Note that data files are not included in the hpc_files directory. The main files necessary to run the scripts detailed below are listed here and available on Zenodo:

  • trained_models_dnn and trained_models_xgb: download on Zenodo, unzip, and place directories into models_dnn and models_xgb directories, respectively

  • training_set.parquet: download on Zenodo and place into the directory called fritzDownload

Note also that most included scripts and directories can also be generated from scratch using the following SCoPe scripts: train-algorithm-slurm, generate-features-slurm, run-inference-slurm, and combine-preds-slurm. The directories generated by these scripts generally are populated with two subdirectories: logs to contain slurm logs, and slurm to contain slurm scripts.

Configuration

The hpc_config.yaml file contains the settings that have been used for SCoPe through April 2024. This file can be renamed to config.yaml, overwriting the standard file generated by scope-initialize and fast-tracking HPC runs. Tokens for for kowalski, wandb and fritz should be obtained and added to this file to enable SCoPe code to run.

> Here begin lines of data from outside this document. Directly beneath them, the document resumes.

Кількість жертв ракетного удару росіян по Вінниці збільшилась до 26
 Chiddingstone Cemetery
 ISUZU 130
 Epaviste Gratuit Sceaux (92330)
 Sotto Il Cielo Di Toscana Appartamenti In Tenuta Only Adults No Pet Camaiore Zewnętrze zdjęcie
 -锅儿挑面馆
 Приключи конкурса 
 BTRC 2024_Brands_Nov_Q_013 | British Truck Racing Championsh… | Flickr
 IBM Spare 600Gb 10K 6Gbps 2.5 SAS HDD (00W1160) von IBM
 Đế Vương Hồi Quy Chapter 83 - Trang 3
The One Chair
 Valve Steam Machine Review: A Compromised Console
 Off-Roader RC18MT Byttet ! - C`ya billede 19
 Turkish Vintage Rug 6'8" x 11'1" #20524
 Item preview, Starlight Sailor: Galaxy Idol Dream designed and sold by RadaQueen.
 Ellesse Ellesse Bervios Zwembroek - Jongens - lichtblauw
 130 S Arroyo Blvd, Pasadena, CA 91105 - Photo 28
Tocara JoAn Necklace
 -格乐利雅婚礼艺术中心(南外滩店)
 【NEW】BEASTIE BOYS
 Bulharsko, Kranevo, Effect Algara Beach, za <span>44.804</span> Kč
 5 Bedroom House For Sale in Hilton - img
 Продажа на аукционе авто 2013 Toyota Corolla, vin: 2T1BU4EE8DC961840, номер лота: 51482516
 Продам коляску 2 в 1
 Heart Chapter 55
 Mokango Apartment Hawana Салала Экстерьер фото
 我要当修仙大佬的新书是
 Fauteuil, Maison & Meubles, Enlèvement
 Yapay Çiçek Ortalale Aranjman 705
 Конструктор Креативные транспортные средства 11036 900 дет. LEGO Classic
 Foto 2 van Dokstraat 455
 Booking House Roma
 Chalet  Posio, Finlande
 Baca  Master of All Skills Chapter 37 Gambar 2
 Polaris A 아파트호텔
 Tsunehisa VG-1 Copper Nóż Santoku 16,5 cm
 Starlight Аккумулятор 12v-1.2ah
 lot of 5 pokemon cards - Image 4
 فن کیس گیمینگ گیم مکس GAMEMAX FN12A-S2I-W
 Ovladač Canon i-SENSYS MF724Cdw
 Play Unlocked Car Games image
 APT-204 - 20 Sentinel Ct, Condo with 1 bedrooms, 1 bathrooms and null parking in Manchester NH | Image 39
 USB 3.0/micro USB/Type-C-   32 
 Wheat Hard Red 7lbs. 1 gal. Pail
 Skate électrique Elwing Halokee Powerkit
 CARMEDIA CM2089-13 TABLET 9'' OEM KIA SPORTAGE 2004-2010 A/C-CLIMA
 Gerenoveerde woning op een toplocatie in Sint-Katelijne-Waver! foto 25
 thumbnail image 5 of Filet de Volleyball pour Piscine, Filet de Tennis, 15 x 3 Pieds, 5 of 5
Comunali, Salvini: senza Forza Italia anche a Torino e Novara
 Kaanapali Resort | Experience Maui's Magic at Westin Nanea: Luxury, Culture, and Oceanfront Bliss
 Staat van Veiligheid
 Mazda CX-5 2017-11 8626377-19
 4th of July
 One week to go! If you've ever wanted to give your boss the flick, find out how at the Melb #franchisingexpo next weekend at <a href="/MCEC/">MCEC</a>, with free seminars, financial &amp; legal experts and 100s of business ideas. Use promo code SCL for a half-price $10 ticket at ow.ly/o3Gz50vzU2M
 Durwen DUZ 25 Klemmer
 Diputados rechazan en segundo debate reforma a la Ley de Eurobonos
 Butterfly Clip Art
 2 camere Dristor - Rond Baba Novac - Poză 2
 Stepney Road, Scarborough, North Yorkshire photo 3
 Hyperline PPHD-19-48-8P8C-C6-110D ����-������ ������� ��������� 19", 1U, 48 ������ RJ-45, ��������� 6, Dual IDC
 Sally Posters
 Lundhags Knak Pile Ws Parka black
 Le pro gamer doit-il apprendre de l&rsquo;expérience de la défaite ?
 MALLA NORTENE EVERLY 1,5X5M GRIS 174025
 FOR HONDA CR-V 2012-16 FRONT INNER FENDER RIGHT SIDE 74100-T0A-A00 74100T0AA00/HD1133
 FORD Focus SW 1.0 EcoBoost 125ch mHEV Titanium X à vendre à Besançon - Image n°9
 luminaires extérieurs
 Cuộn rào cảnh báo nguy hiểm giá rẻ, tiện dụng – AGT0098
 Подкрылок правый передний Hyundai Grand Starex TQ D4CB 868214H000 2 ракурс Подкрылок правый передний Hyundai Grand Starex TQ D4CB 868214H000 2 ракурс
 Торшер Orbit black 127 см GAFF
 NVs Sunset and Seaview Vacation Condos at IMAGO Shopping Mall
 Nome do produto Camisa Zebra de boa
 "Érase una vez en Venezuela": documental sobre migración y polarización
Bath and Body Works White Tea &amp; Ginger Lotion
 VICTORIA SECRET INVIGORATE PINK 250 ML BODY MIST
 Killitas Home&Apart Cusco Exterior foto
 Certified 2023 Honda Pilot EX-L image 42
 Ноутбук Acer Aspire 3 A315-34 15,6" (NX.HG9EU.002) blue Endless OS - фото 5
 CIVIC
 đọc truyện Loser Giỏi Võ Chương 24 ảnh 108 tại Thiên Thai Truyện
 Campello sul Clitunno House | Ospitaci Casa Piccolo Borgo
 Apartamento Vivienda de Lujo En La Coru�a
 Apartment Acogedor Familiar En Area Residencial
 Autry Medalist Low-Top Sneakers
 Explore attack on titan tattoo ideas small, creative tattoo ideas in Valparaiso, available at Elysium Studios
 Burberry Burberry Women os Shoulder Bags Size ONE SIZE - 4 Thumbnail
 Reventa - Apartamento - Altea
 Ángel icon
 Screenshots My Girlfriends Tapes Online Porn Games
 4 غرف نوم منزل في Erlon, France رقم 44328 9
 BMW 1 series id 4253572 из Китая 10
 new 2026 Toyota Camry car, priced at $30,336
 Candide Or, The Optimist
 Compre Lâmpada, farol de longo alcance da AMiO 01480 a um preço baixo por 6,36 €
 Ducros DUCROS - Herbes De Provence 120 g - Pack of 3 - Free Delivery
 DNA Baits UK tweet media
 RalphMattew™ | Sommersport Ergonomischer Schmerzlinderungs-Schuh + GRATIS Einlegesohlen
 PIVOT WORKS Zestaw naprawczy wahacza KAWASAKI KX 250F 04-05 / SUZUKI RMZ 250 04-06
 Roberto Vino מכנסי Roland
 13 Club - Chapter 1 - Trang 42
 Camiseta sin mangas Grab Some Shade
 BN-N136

It is generally advisable to run SCoPe scripts from the main scope directory that contains your config file. You can also provide the --config-path argument to any script. Keep in mind that the code will default to checking your current directory for a file called config.yaml if you have not specified this argument.

Training

Training scripts: train_dnn_DR16.sh and train_xgb_DR16.sh

Each of these scripts can be generated with create-training-script. They contain several calls to scope-train and initially served as the primary way to sequentially train each model. When train-algorithm-job-submission is run to train all classifiers in parallel, these scripts are parsed to identify the tags, group name and algorithm to pass to the training code.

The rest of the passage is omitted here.